Mohon tunggu...
S Aji
S Aji Mohon Tunggu... Lainnya - Story Collector

- dalam ringkas ingatan, tulisan tumbuh mengabadikan -

Selanjutnya

Tutup

Gaya Hidup Pilihan

Nostalgia Kampus dan Kompasiana

13 Juli 2016   15:45 Diperbarui: 13 Juli 2016   16:08 36
+
Laporkan Konten
Laporkan Akun
Kompasiana adalah platform blog. Konten ini menjadi tanggung jawab bloger dan tidak mewakili pandangan redaksi Kompas.
Lihat foto
Gaya Hidup.
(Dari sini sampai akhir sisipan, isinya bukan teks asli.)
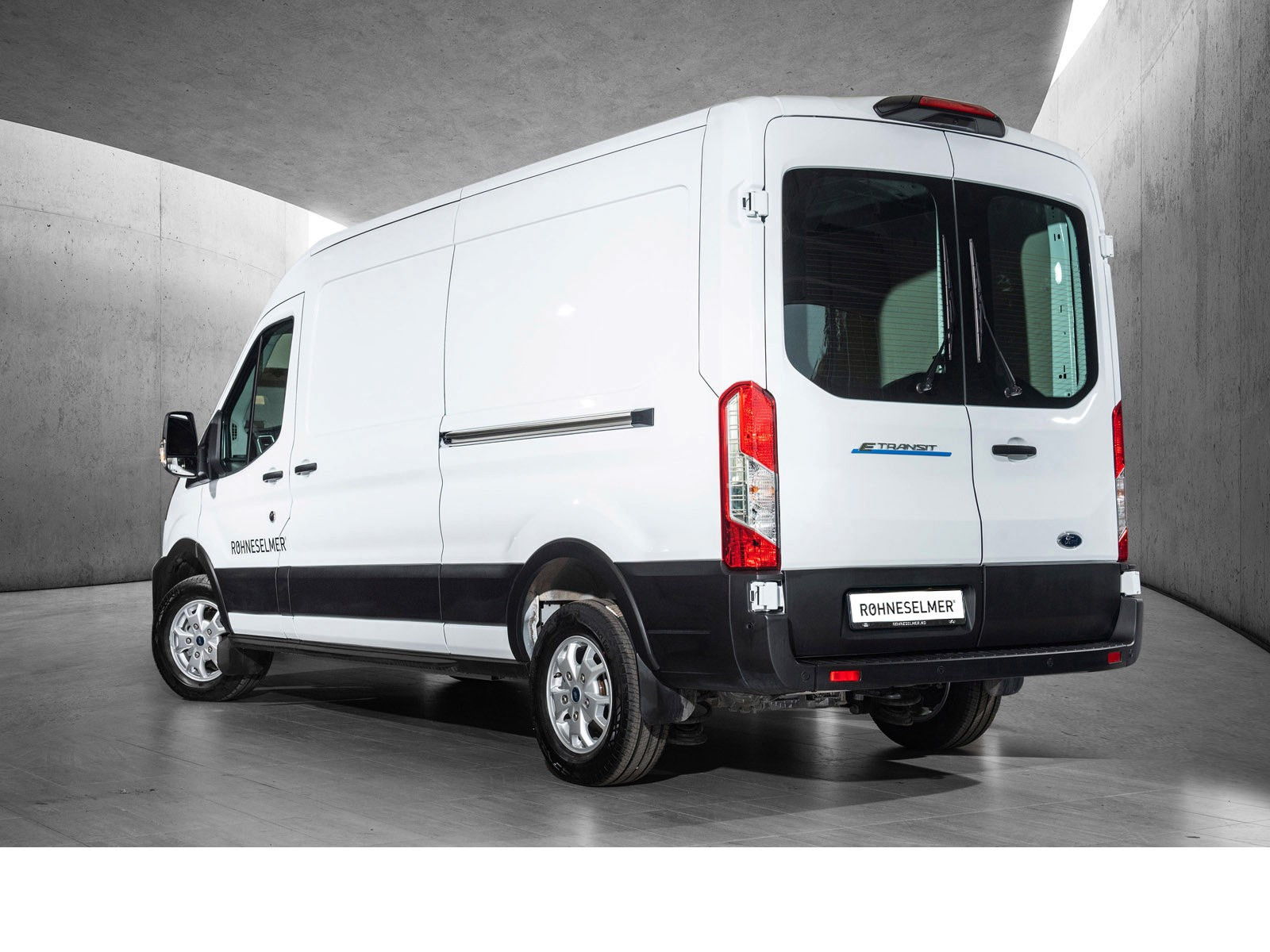 Ford Transit 350 68kWt 269hk L3H2 Trend Demobil, 2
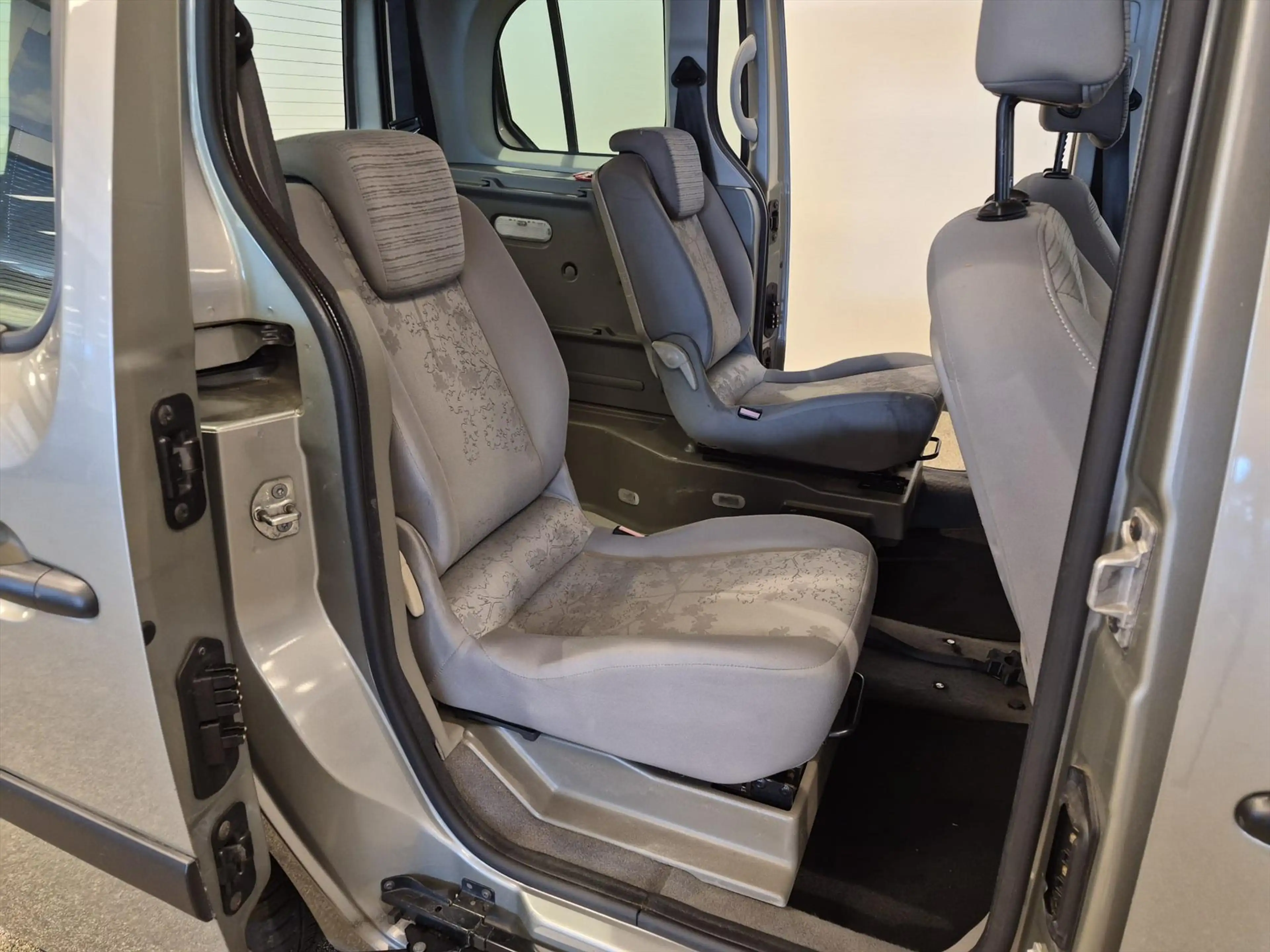 Renault Kangoo Rolstoelauto Automaat 4+1 — photo 16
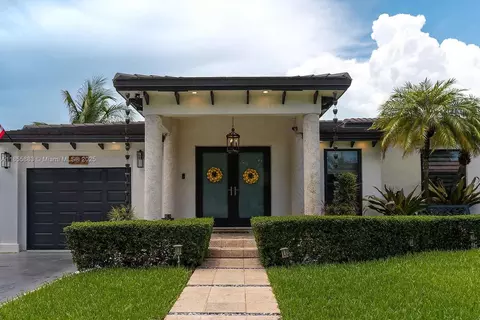 135 E 37th St, Hialeah, FL 33013 photo 1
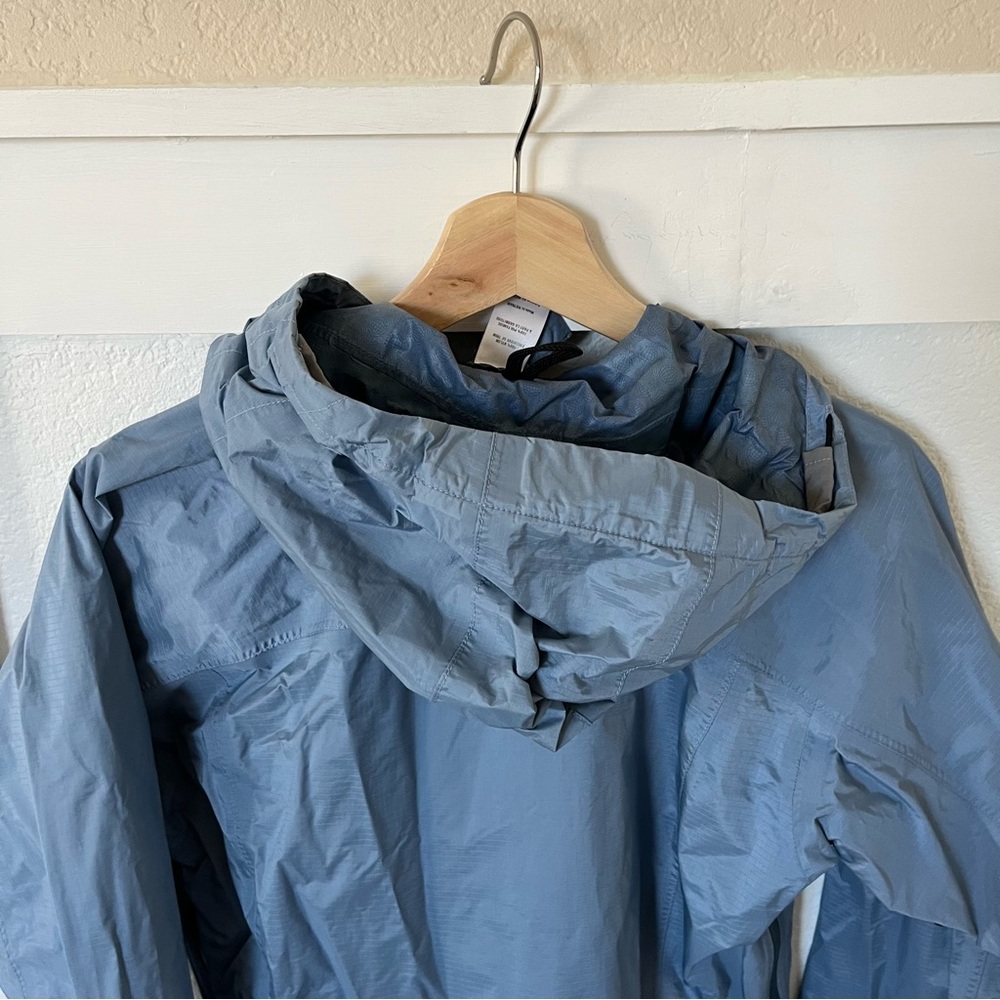 Patagonia Women's XS Torrentshell Rain Jacket - Picture 9 of 10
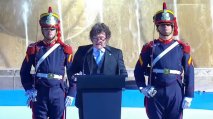 Junto a Adorni, Bullrich y el gabinete nacional Milei encabezó el acto por el Día de la Bandera en Rosario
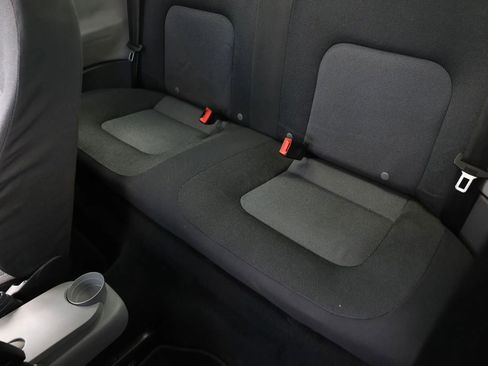 Used 2005 Volkswagen Beetle GL FWD image 15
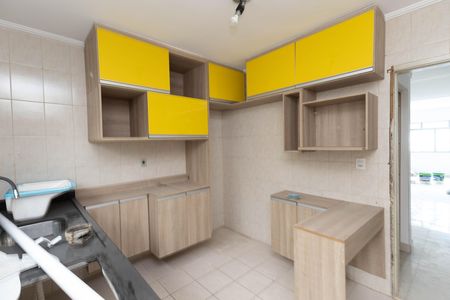 Casa de condomínio para alugar com 106m², 2 quartos e 1 vaga Casa de condomínio para alugar com 106m², 2 quartos e 1 vagaCozinha - Armários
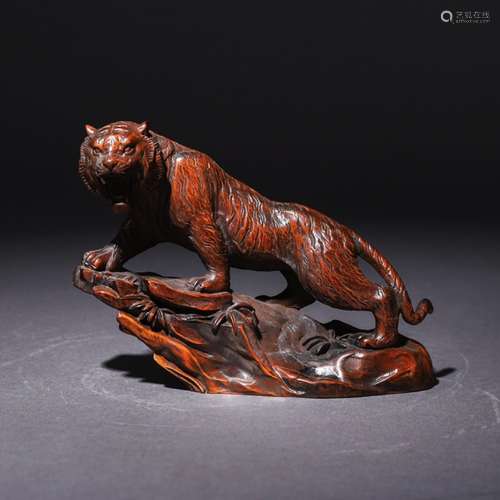 A Chinese Boxwood Carved Tiger Ornament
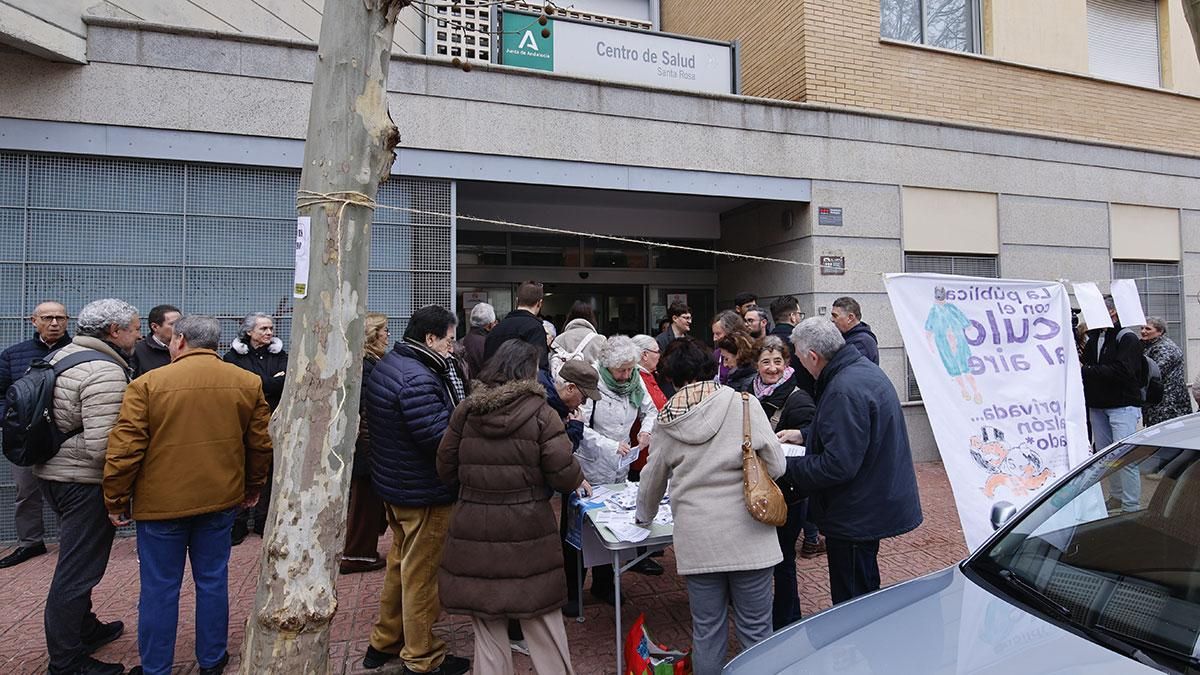 Protesta de vecinos de Valdeolleros en el centro de salud de Santa Rosa
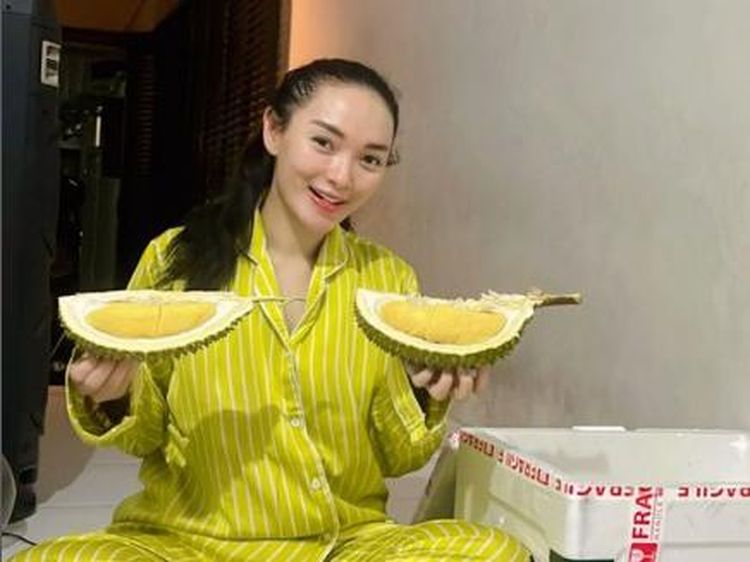 Kenangan Zaskia Gotik Saat Makan Duren dan Sushi di Rumah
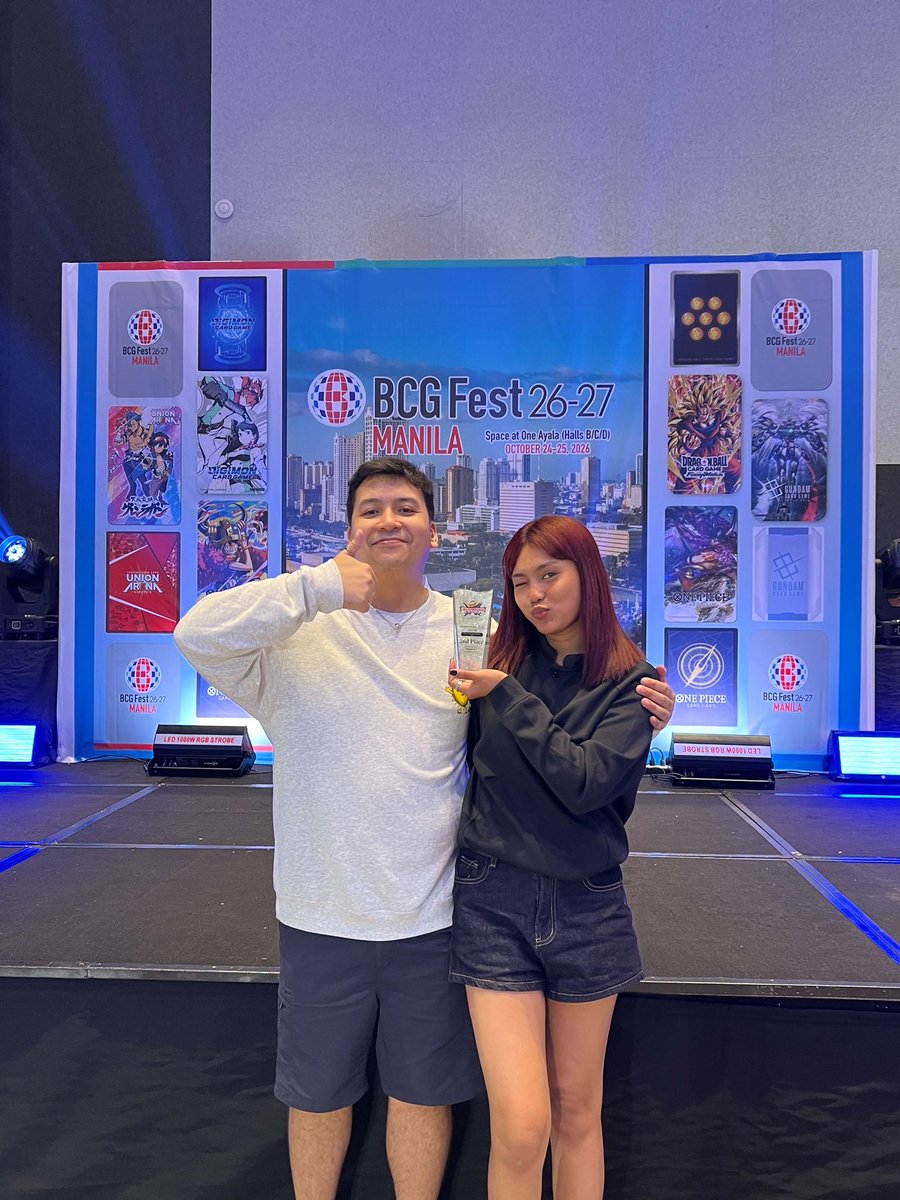 pewlskiii's tweet photo. AYOOO FELL SHORT….

BCF MNL 26

🟣🟡Pudding 🎲 (1st)
🔵Rocks (1st)
🔴🟢LAce (2nd)
🔴⚫️Sabo 🎲 (1st) 
🔵Rocks (1st) @junjun_yp 
🟣Kaido 🎲 (1st) ❌
🔵🟢Luffy (2nd)
🔵Rocks (1st)

T16 🟣Kaido 🎲 (1st)
T8 🔵Rocks @junjun_yp MY GOAT (1st)
T4 🟢Shanks @twopaiiir 🫡
Finals 🟣🟡Robin 🎲(1st) ❌

Lost to some small micro decision in the finals 🤦‍♂️

Sharing this trophy to my brother and the rest of Team Pop! Sorry couldn’t cross us to the finish line 🫠

ONTO THE NEXT! 🏴‍☠️

P.S.
**I agree that some parts of the event were not handled to the best of its capabilities (long lines/wait, no door prize, crowded sitting, etc.), hoping we get to see some improvements soon! 

It’s OPTCG season so pls be better, to whom it may concern 🙏
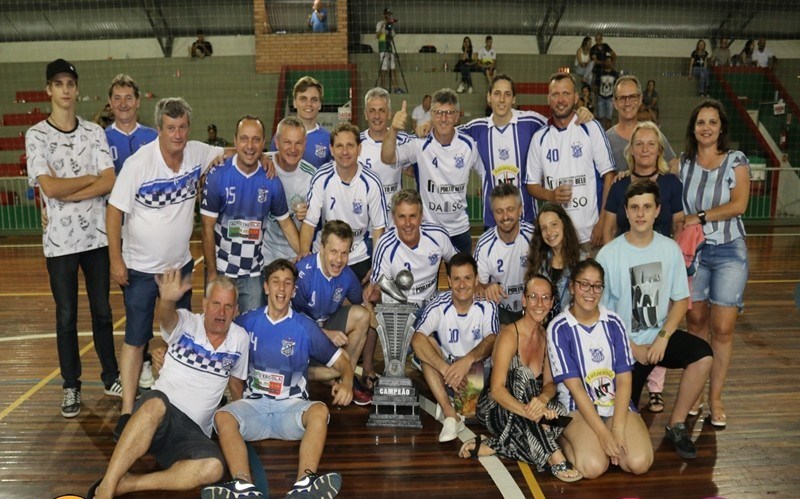 Velha é campeã do Futsal de Veteranos
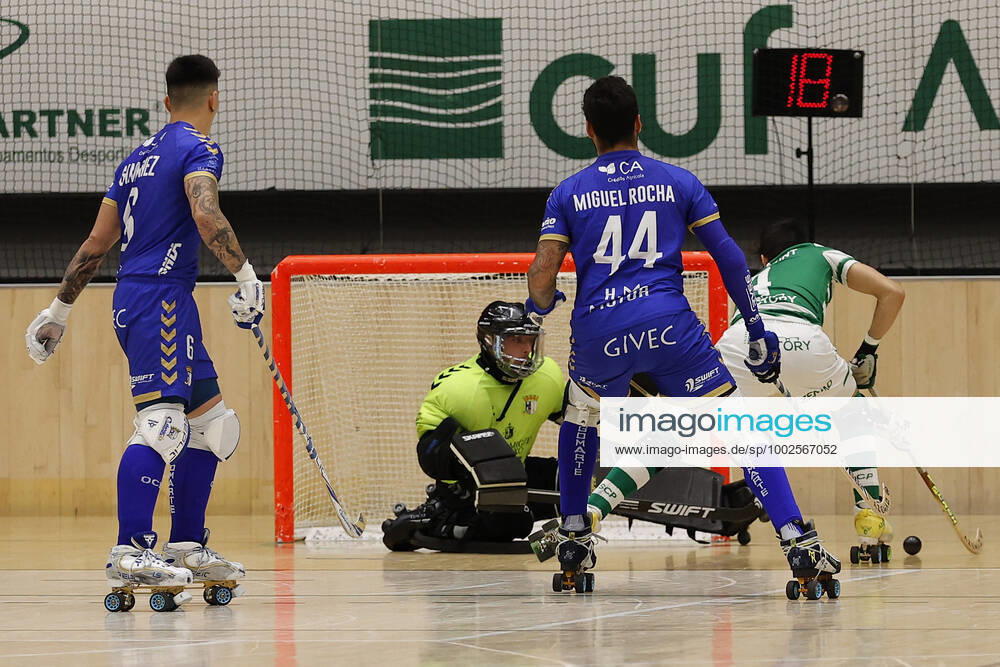 Sporting CP v OC Barcelos - Rink Hockey 1st Division Playoff Ferran Font dueling the goalkeeper during the Rink Hockey playoffs 1st leg between Sporting CP and OC Barcelos, at Pavilhao Joao Rocha, Lisboa, Portugal, 08, May, 2021 Lisbon Portugal rico-sporting210508_np1TR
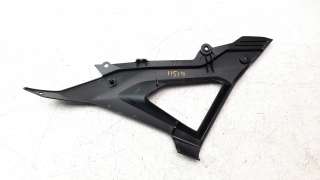 Recambio de moldura para honda cb 125 f 2015- referencia OEM IAM 83521K94T00  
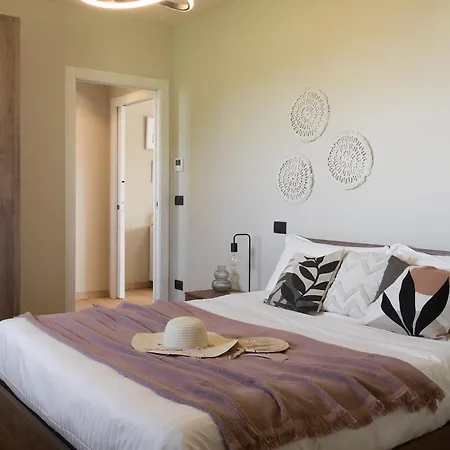 Casa Di Pina - Iris - Dalia Monforte dʼAlba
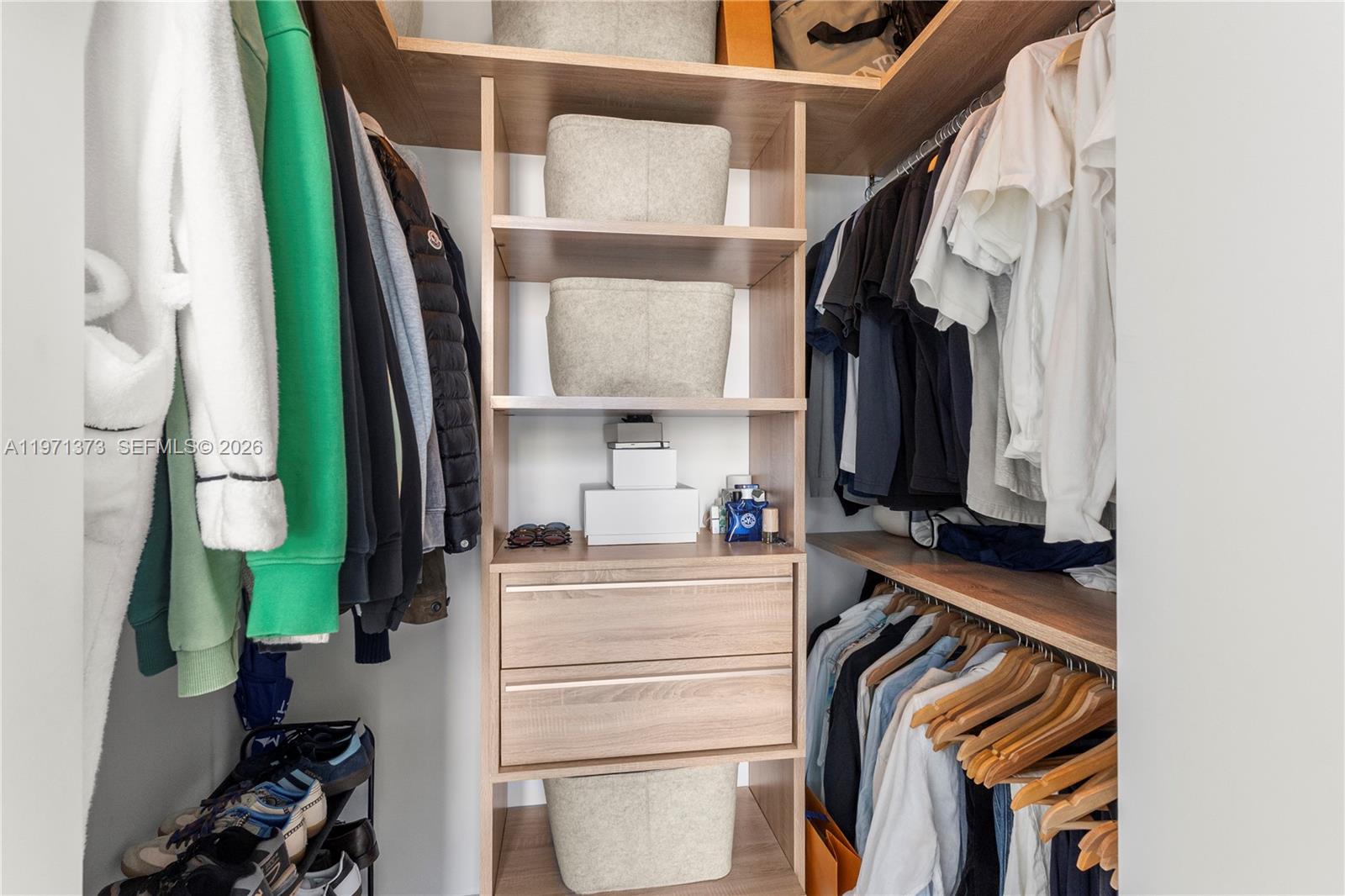 PARAISO BAYVIEWS CONDO - Residential Lease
Sumber ilustrasi: FREEPIK/Rawpixel

Seminggu lalu saya mengalami nostalgia kecil. Nostalgia masa-masa kuliah.

Ketika itu saya sedang mencari majalah Tempo di sebuah pertokoan di sudut kota Manado. Tak disangka, di depan kasir, seorang dengan kepala yang makin plontos di bagian atas, beruban di sampingnya, dan agak tambun sedang berdiri dengan tas plastik. Tanpa menelisik terlalu lama, saya tahu itu dosen saya dulu.

Jadi saya merapatkan langkah.

“Malam bae, Meneer,” tegur saya. Sembari mengulurkan tangan, mengajak jabat.

“Malam Bae..heei, Aji? Wah. Lama tidak ketemu. Sudah dimana sekarang?” jawab dosen saya, tersenyum. Saya merangkul bahunya, tanda hormat sekaligus rindu. Alhamdulillah, beliau masih mengenal wajah tengil ini. Atau mungkin, sampai detik kami bertemu, tidak ada lagi mahasiswa yang setengil saya, ha ha ha.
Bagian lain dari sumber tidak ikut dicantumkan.